SUPPLIED MATERIAL:
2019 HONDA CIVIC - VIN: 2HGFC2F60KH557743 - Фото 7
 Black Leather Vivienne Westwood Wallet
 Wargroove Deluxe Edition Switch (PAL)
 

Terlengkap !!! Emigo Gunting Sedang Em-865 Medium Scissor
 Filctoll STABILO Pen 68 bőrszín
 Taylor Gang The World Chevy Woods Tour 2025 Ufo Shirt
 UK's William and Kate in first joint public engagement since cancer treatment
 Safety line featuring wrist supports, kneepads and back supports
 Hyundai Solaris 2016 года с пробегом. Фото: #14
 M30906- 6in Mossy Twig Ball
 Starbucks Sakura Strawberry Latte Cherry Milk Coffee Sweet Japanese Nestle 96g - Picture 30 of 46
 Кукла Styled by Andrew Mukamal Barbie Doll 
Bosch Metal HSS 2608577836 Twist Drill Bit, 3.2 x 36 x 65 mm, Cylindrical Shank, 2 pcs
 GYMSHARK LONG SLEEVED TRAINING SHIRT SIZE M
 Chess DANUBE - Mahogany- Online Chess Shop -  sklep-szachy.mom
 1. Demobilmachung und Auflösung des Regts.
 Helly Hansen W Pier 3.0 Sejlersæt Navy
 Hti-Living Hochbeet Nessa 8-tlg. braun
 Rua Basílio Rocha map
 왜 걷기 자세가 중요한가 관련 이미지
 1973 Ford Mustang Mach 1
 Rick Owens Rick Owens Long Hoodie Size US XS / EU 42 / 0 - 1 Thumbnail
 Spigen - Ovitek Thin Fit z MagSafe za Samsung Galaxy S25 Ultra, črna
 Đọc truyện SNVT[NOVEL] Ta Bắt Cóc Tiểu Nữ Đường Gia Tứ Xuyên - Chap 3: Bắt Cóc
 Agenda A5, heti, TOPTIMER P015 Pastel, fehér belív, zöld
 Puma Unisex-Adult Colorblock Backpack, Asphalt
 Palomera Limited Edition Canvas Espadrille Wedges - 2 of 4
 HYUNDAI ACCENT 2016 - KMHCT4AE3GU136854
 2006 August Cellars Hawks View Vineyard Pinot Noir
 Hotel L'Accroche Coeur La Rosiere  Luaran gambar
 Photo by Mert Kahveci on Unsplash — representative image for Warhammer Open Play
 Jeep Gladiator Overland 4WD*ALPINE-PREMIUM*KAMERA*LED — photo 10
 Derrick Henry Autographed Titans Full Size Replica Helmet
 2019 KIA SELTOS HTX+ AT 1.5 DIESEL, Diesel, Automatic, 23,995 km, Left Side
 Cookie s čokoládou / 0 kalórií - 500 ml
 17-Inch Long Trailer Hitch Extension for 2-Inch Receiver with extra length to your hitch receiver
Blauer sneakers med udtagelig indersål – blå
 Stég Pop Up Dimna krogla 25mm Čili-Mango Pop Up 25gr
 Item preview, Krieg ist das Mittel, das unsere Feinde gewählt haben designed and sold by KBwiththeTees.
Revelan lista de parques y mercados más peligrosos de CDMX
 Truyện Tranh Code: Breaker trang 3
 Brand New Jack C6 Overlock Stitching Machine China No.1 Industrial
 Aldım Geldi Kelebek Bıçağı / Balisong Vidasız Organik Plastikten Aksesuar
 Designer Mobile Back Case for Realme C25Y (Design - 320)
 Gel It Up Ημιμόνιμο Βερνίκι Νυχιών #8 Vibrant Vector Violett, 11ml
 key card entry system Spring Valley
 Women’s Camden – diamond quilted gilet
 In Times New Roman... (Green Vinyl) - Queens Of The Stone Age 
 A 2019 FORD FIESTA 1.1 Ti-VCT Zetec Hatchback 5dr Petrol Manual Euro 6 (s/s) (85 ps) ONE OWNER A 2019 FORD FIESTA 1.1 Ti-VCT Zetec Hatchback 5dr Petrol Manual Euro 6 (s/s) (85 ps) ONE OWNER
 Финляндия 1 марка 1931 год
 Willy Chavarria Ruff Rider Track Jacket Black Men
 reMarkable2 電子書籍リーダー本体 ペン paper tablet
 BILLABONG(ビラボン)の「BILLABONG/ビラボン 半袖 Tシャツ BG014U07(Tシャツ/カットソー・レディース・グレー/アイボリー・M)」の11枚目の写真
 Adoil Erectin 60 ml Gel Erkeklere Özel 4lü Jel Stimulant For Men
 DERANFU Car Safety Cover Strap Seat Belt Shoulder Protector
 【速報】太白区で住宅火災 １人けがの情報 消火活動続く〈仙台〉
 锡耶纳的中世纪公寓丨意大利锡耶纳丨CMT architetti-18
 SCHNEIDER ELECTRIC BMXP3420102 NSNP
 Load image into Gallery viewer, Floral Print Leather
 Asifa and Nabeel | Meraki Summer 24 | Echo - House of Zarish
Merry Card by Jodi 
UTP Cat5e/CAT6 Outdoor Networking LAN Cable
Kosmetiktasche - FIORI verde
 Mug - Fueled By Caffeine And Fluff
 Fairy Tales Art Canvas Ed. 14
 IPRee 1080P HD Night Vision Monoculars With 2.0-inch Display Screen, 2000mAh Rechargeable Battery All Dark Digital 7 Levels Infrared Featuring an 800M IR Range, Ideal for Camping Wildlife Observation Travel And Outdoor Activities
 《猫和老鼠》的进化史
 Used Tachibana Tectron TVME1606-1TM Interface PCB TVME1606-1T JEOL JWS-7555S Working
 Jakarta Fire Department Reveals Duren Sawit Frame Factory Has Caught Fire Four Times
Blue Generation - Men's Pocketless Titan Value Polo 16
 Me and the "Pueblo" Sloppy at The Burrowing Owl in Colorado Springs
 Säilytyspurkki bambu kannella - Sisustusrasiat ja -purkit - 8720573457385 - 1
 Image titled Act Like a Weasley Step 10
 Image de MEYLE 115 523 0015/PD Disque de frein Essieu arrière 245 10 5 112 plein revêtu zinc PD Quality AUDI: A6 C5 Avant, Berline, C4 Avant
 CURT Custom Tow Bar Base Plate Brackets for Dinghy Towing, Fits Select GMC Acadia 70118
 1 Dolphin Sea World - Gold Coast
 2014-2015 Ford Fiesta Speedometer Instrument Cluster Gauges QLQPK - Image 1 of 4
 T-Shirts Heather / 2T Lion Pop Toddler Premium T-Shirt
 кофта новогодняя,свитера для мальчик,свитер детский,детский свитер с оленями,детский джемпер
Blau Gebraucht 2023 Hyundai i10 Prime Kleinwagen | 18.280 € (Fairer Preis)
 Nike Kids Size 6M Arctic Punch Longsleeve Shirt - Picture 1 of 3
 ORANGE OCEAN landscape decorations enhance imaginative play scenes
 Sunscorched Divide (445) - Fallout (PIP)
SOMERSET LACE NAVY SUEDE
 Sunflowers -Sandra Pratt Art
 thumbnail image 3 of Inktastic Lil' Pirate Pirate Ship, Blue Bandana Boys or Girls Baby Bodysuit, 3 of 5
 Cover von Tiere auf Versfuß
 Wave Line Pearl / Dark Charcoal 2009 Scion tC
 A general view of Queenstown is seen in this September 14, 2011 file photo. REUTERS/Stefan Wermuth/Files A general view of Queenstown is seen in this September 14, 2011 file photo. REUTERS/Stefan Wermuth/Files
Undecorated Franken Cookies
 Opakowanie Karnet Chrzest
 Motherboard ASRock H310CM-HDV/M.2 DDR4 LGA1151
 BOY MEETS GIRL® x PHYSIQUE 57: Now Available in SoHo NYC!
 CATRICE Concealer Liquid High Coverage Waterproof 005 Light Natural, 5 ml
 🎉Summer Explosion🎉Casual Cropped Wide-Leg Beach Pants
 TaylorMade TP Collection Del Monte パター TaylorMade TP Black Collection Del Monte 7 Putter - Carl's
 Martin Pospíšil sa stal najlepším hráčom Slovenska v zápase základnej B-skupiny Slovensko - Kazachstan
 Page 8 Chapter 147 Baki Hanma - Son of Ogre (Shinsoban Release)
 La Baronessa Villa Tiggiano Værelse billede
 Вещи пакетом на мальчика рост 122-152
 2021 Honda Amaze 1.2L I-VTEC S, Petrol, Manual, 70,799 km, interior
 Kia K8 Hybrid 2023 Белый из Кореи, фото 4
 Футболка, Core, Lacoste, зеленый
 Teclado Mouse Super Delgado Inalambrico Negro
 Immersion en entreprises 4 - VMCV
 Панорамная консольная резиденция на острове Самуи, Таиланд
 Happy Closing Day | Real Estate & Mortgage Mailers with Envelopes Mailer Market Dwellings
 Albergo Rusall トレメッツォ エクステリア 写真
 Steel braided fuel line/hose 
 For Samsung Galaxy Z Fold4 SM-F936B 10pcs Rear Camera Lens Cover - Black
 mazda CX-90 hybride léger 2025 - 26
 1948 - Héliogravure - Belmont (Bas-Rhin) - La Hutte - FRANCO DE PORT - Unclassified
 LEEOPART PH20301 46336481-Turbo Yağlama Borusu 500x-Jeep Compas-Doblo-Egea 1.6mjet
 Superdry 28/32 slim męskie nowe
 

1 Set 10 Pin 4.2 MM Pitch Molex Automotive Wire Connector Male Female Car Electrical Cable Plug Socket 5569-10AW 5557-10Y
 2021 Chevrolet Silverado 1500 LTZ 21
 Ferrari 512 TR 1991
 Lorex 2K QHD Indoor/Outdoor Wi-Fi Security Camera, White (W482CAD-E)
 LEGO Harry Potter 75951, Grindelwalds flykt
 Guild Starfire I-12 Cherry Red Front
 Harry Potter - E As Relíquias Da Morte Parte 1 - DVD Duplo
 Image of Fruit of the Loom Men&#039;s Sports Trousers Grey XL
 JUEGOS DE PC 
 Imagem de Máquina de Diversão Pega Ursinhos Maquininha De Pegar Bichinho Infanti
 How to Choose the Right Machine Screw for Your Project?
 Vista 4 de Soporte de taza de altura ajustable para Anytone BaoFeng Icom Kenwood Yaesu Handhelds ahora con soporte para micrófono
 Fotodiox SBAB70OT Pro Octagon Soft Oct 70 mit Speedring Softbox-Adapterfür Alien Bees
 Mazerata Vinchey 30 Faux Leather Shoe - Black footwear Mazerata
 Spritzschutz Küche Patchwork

WORK ORDER: Copy, exactly and only, the lines above that begin with the one containing "Fairy Tales Art Canvas Ed. 14" and finish with the one containing "ORANGE OCEAN landscape".

YOUR RESPONSE:
 Fairy Tales Art Canvas Ed. 14
 IPRee 1080P HD Night Vision Monoculars With 2.0-inch Display Screen, 2000mAh Rechargeable Battery All Dark Digital 7 Levels Infrared Featuring an 800M IR Range, Ideal for Camping Wildlife Observation Travel And Outdoor Activities
 《猫和老鼠》的进化史
 Used Tachibana Tectron TVME1606-1TM Interface PCB TVME1606-1T JEOL JWS-7555S Working
 Jakarta Fire Department Reveals Duren Sawit Frame Factory Has Caught Fire Four Times
Blue Generation - Men's Pocketless Titan Value Polo 16
 Me and the "Pueblo" Sloppy at The Burrowing Owl in Colorado Springs
 Säilytyspurkki bambu kannella - Sisustusrasiat ja -purkit - 8720573457385 - 1
 Image titled Act Like a Weasley Step 10
 Image de MEYLE 115 523 0015/PD Disque de frein Essieu arrière 245 10 5 112 plein revêtu zinc PD Quality AUDI: A6 C5 Avant, Berline, C4 Avant
 CURT Custom Tow Bar Base Plate Brackets for Dinghy Towing, Fits Select GMC Acadia 70118
 1 Dolphin Sea World - Gold Coast
 2014-2015 Ford Fiesta Speedometer Instrument Cluster Gauges QLQPK - Image 1 of 4
 T-Shirts Heather / 2T Lion Pop Toddler Premium T-Shirt
 кофта новогодняя,свитера для мальчик,свитер детский,детский свитер с оленями,детский джемпер
Blau Gebraucht 2023 Hyundai i10 Prime Kleinwagen | 18.280 € (Fairer Preis)
 Nike Kids Size 6M Arctic Punch Longsleeve Shirt - Picture 1 of 3
 ORANGE OCEAN landscape decorations enhance imaginative play scenes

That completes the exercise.